Feature Stories

18.10.2017

Taking Transgenerational Entrepreneurship into the Digital Age

With the launch of the MaBelle jewelry store chain more than two decades ago, Mr Max Ma opened up a whole new market for the Lee Heng Diamond Group founded by his father. Now Mr Theodore Ma, Max’s son, is expanding the family’s engagement with  the innovations beyond the family business  through CoCoon, an entrepreneurship network he co-founded in 2012.

Providing the members of each generation with the support, as well as the freedom, they need to develop their innovative ideas and utilize their individual skills, which has been key to the success of the Lee Heng Diamond Group and the Ma family’s other business interests.
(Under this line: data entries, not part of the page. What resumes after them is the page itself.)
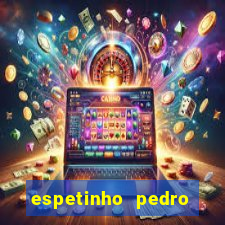 espetinho pedro lessa santos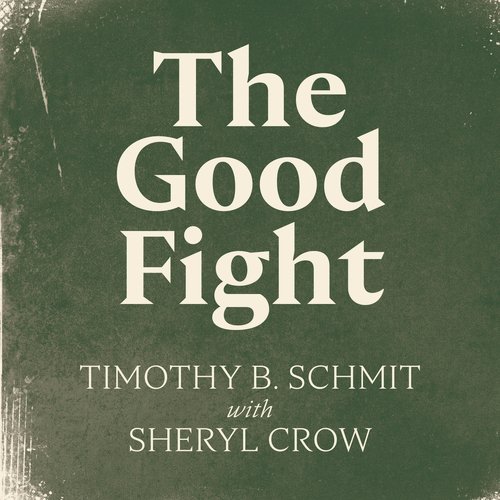 The Good Fight (feat. Sheryl Crow)_poster_image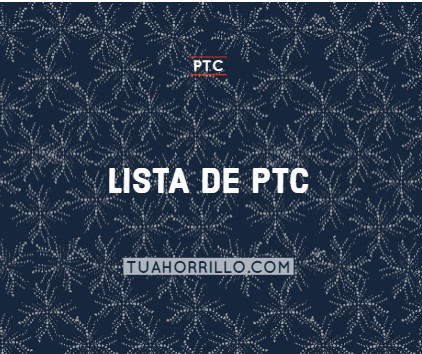 las mejores ptc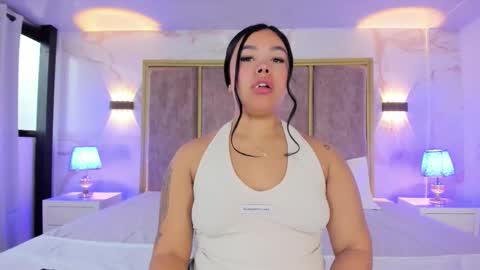 Martina Garcia online show from 02-03-26, 07:08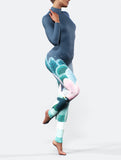 Winter Fairytale Catsuit-unitard-bootysculpted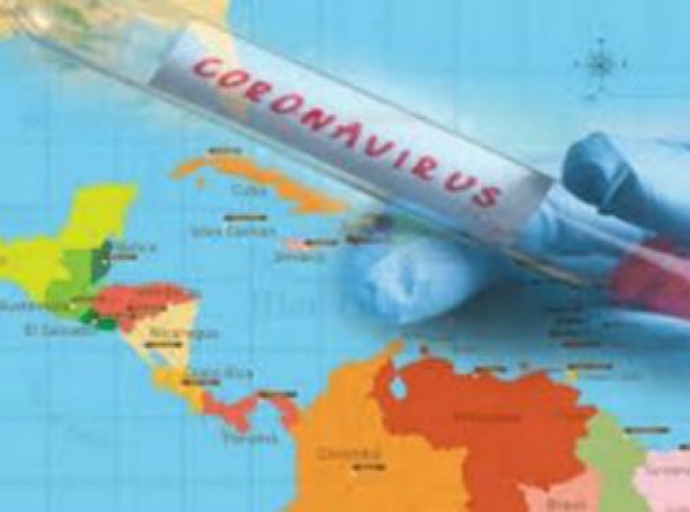 U.S. Slows COVID-19 Aid for Some Caribbean Nations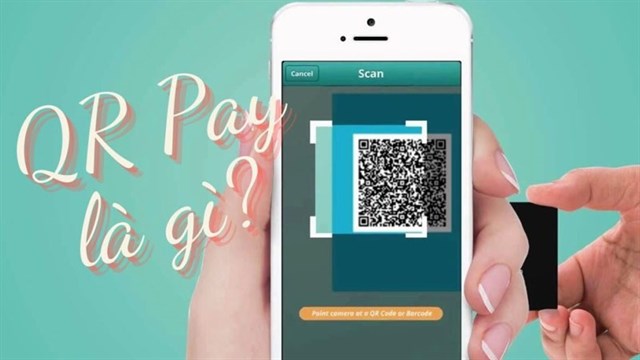 Hướng dẫn Cách quét mã QR Pay để thanh toán nhanh và tiện lợi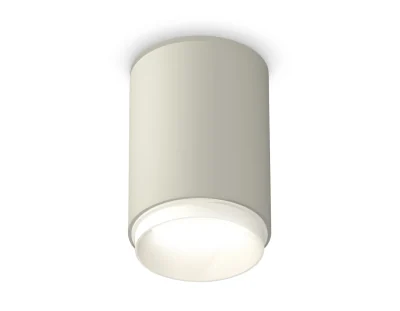 Комплект накладного светильника Ambrella light XS6314020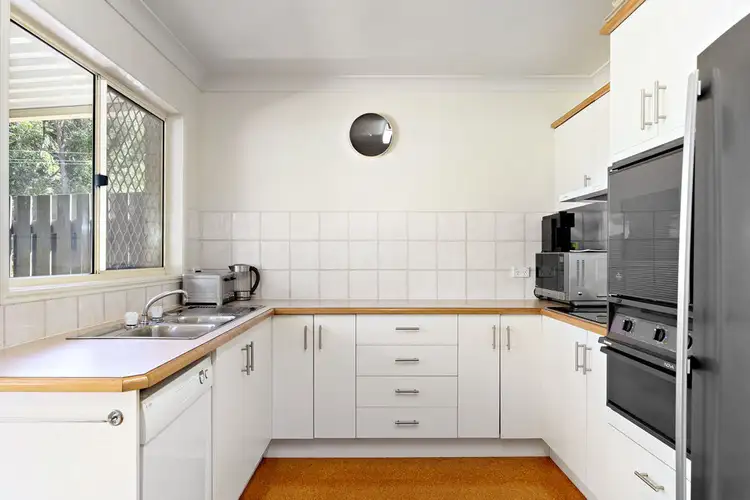 Fourth view of Homely townhouse listing, 6/11 Leslie Street, Arana Hills QLD 4054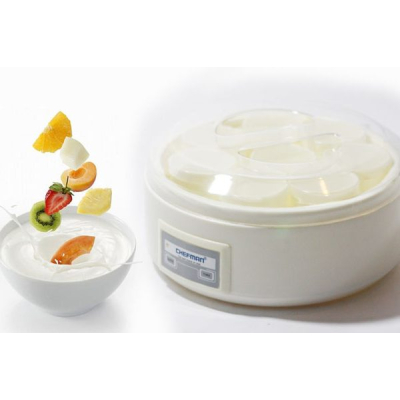 Máy làm sữa chua Chefman CM-302T 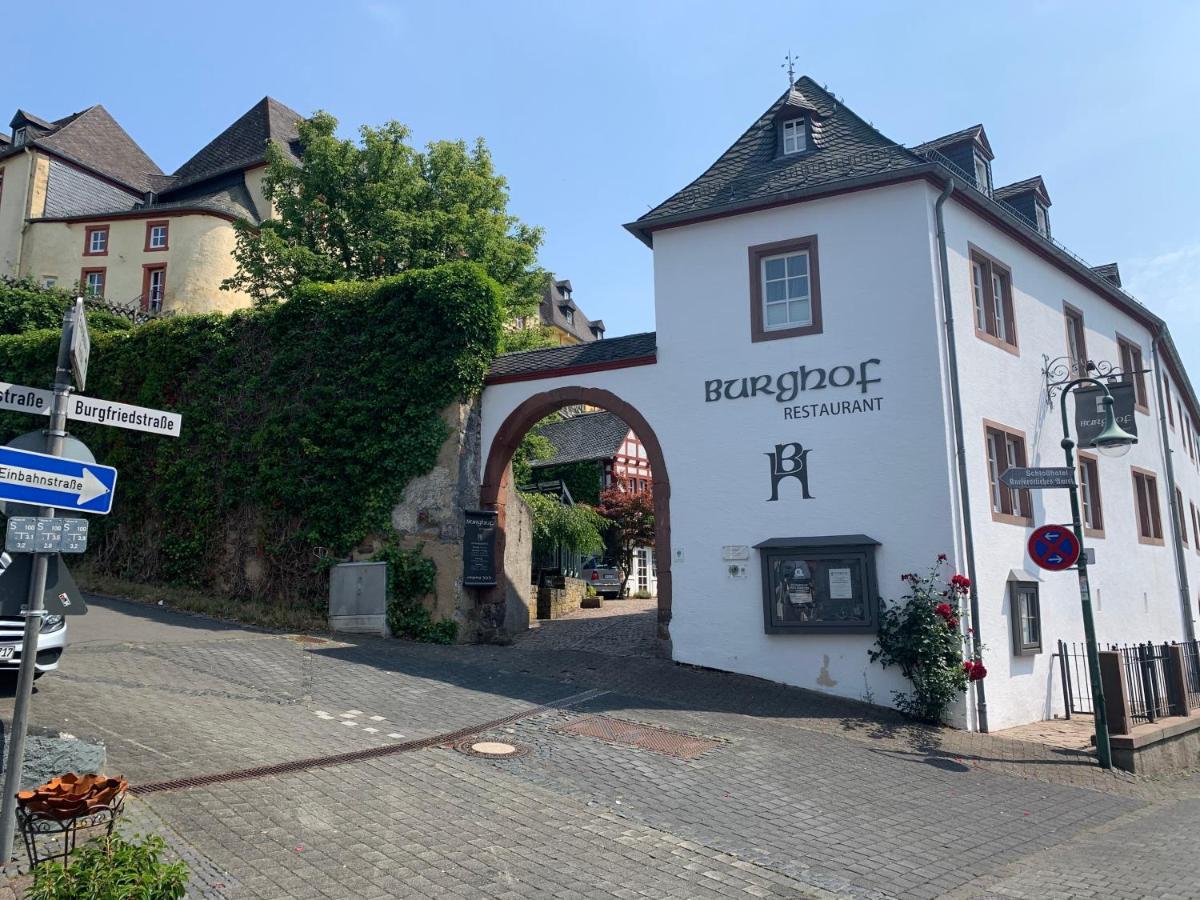Ferienhaus Backesgarten Fuer 22 Personen Neichen 외부 사진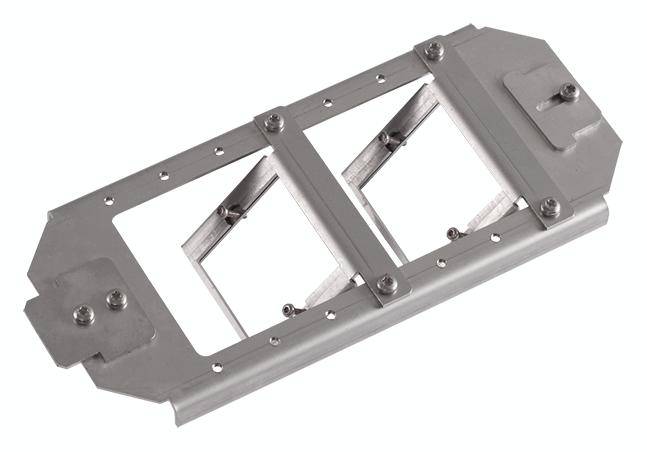 Bachmann 917.068 Geräteträger 1 St.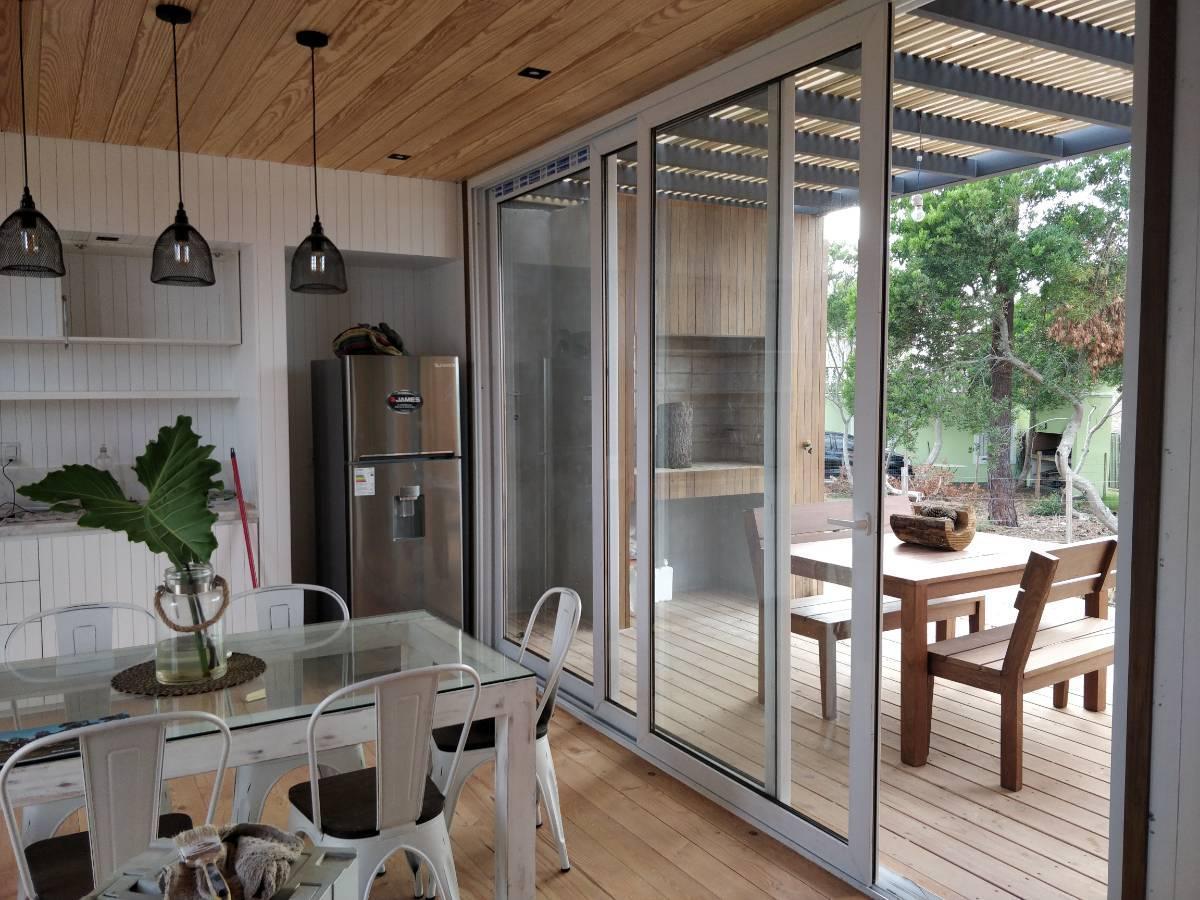 Venta y Alquiler en La Juanita, José Ignacio UY, 3 Ambientes, Punta del Este. Juanita Beach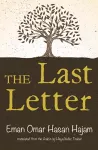 The Last Letter cover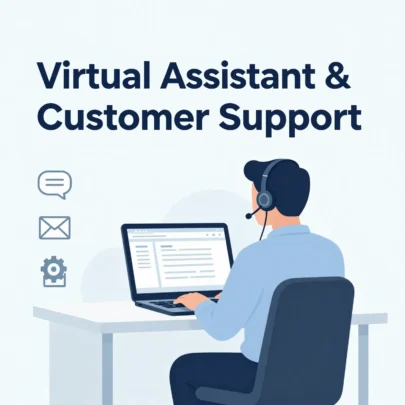 451440Executive Assistant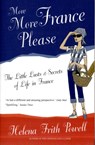 More More France Please - Helena Frith Powell - 9781908096012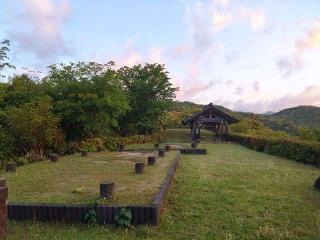 河内浦城の登城記録(タケローさん)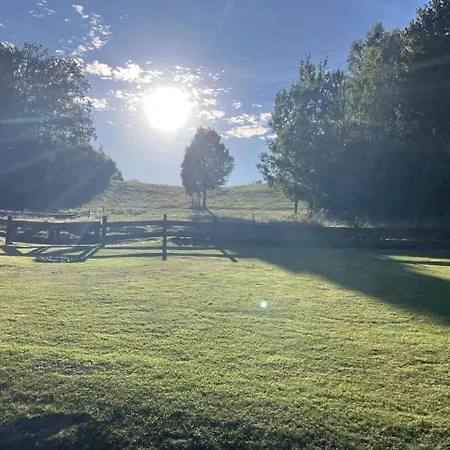 Na Bani W Starej Morawie *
Now Max Ma sees his son’s technical skills and perspectives playing a central role in the future. “Our digital strategy is going to be critical to our survival,” he says.

When Max’s father came to Hong Kong almost 70 years ago, it was to buy diamonds for sale in his native Thailand. When he passed away, Max was only 12 years old and his elder brother and mother took over the business.

Migrating up and downstream

By the late 1980s Lee Heng had grown to be one of the most significant diamond importers in Hong Kong and Asia, with Max, who had studied accountancy, responsible for strategic planning. Though the business was very profitable, he realized its long-term future depended on migrating both up and downstream.

“So I went to Thailand and opened a diamond polishing factory, and then came back to Hong Kong and opened MaBelle in 1993,” he explains.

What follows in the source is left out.